Röda Ulven Surströmming – bereits zu Wikingerzeiten beliebt

Das Röda Ulven Surströmming Filet hat eine lange Geschichte hinter sich, da bereits Wikinger von dieser Delikatesse begeistert waren. Nach dem Fang des Ostseeherings wird der Fisch sofort in große Holzfässer eingelagert und der Sonne ausgesetzt. In diesen Holzfässern befindet sich Salzlake, welche die Heringe durch die Sonneneinstrahlung schneller gären lässt.

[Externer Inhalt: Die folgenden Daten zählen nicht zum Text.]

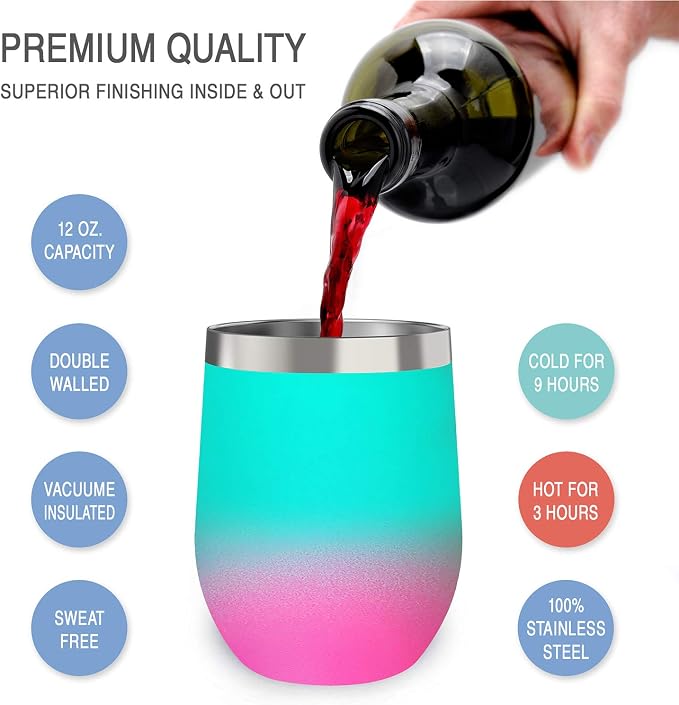 CHILLOUT LIFE 12 oz Stainless Steel Wine Tumbler - Image 3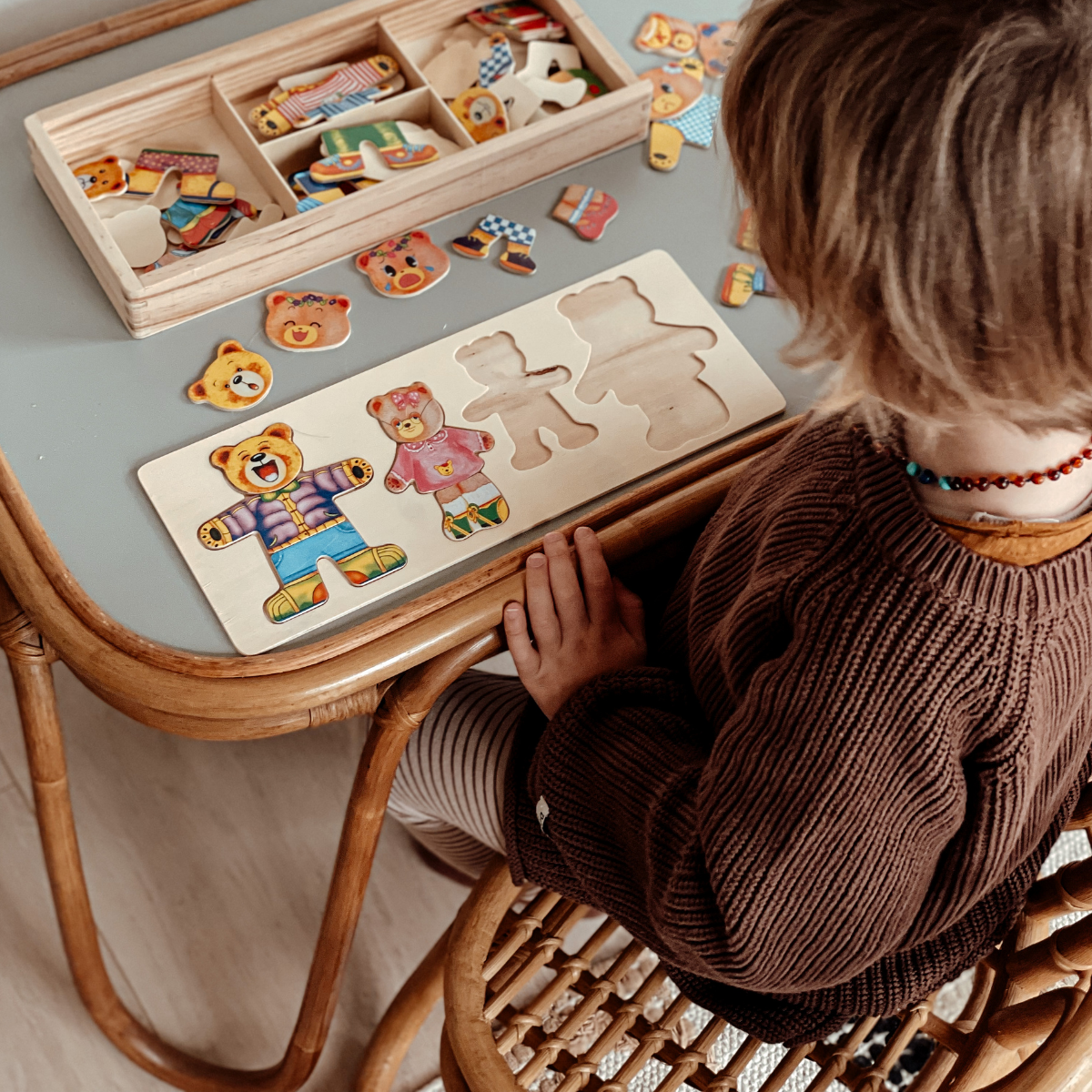 houten aankleed puzzel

Vier bis fünf Monate später ist der Fisch reif und somit sauer genug zum Servieren. Er wird zum Verkaufsstart in Schweden in Konserven-Dosen verpackt, die sich nicht unüblich eine Wölbung zuziehen, da der Fisch weiterhin gärt.

Ein mehr als 1000 Jahre altes Verfahren wird immer noch angewendet

Wenn Sie selbst einmal den Wikinger in sich herausfordern möchten, sollten Sie es mit dem Surströmming aufnehmen. Aktuell ist der Hype um die stinkende Delikatesse aus Schweden so groß wie noch nie zuvor. Zahlreiche bekannte Gesichter versuchen sich an der Konserve, da diese von vielen als eine der „größten Herausforderungen der Menschheit“ dargestellt wird.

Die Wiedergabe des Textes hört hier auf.